Lockheed C-5 Galaxy

The United States Air Force's largest transport aircraft was the result of a request of the US government to four aircraft manufacturers. Boeing responded with what later became the Boeing 747, Lockheed with the model L-500. In 1965 Lockheed was announced as winner.

Lockheed's design was a high wing aircraft with a T-tail and a much larger diameter fuselage than the Starlifter. The cockpit was placed well above the cargo area to enable cargo loading through a nose door. The Boeing 747 has a pod on the top of the fuselage containing the cockpit. Lockheed chose to extend the cockpit profile down the length of the fuselage, giving it an egg-shaped cross section. This is well visible when viewing the aircraft from the front. At the rear the fuselage slopes up and ends in a pointed tail cone. The T-tail has a small bullet fairing at the top, with the horizontal stabilisers having a small anhedral. The landing gear has four six-wheel bogeys and a nose gear with four wheels on one axis, like on the Ilyushin 76.

The cockpit of the C-5 is placed above the nose cargo door. The resulting egg-shaped fuselage cross section is somewhat visible here. Note the four-wheel nose gear.

The T-tail has modest bullet fairing on top. Below is a pointed tail cone.

C-5A & C-5B

The original version was the C-5A, built between 1969 and 1973. Several improvements were made to the C-5As, not in the least to the wing structure, to increase the performance of the aircraft. In the early 1980 Lockheed delivered fifty newly built C-5Bs, which incorporate all the changes to the original C-5A as well as a simplified landing gear, upgraded engines and updated avionics. Both versions look equal on the outside. They both have General Electric TF39 engines. 

The General Electric TF39 engines of the C-5A, C-5B and C-5C.
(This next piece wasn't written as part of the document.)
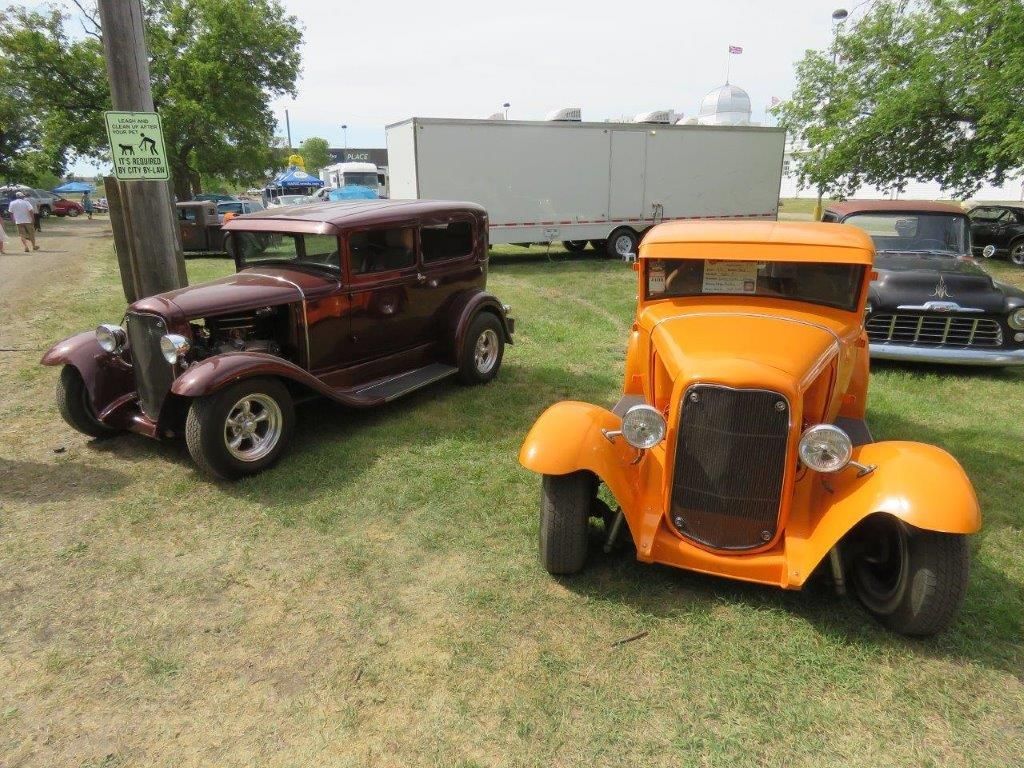 Two old cars are parked next to each other in a grassy field.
Two C-5As were modified as C-5C, for transporting large, outsize cargo. The main difference visible on the outside is the rear cargo door that is split in the middle. Other differences are inside. Note that the version is also referred to as as C-5A(SCM) - Space Cargo Modified.

The split rear cargo door of the C-5C.

C-5M Super Galaxy

To extend to useful life of the remaining C-5B and C-5C aircraft, they were all modified to C-5M. On the outside the largest change is visible: the old TF39 engines have been replaced by General Electric F138 engines, otherwise known as CF6-80C2 in their civil disguise. Inside the cockpit has seen most improvements, that already started with the C-5 Avionics Modernization Program (AMP).
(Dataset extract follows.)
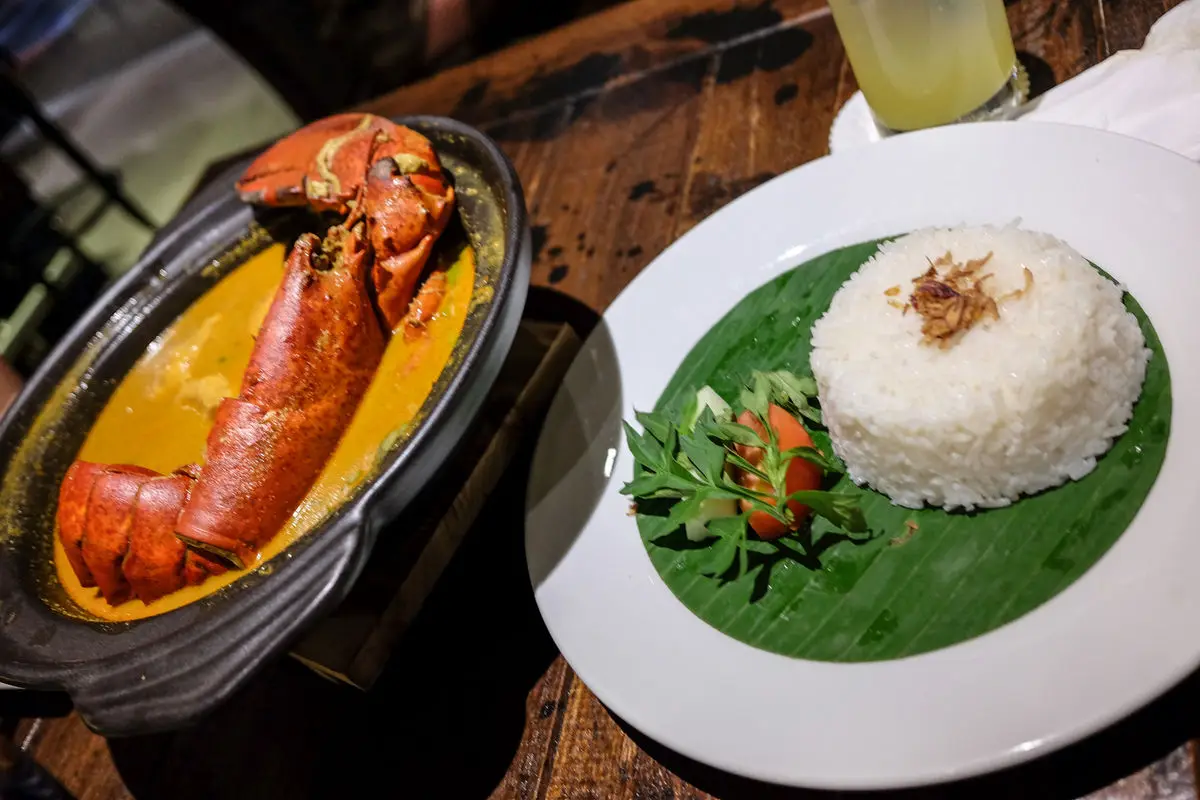 Curry served in a clay pot with rice on a banana leaf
Four General Electric F139 (CF6-80C2) engines power the C-5M.

Confusion possible with

Lockheed C-141 Starlifter

c 141b

Lockheed clearly used elements of the C-141 Starlifter in the C-5 Galaxy, such as the cockpit windows and vertical stabiliser (although that is smaller than of the C-141). Furthermore the fuselage of the Starlifter is much narrower, it has more slender engines and fewer wheels on the landing gear..

McDonnell-Douglas C-17

c 17

While the C-17 has a similar pointed tailcone as the Galaxy, the differences are numerous: the C-17 is smaller, has winglets, different cockpit windows, fewer wheels and no bullet fairing on top of the vertical stabiliser, to name a few.

Antonov An-124

an 124 1000x667

The An-124 is similar in size as the C-5 and also has an egg-shaped fuselage cross section and a cargo door in the nose. However, there is one big difference, namely the location of the horizontal stabiliser: this is attached to the fuselage instead of on top of the vertical stabiliser. Together with the landing gear this makes distinction easy.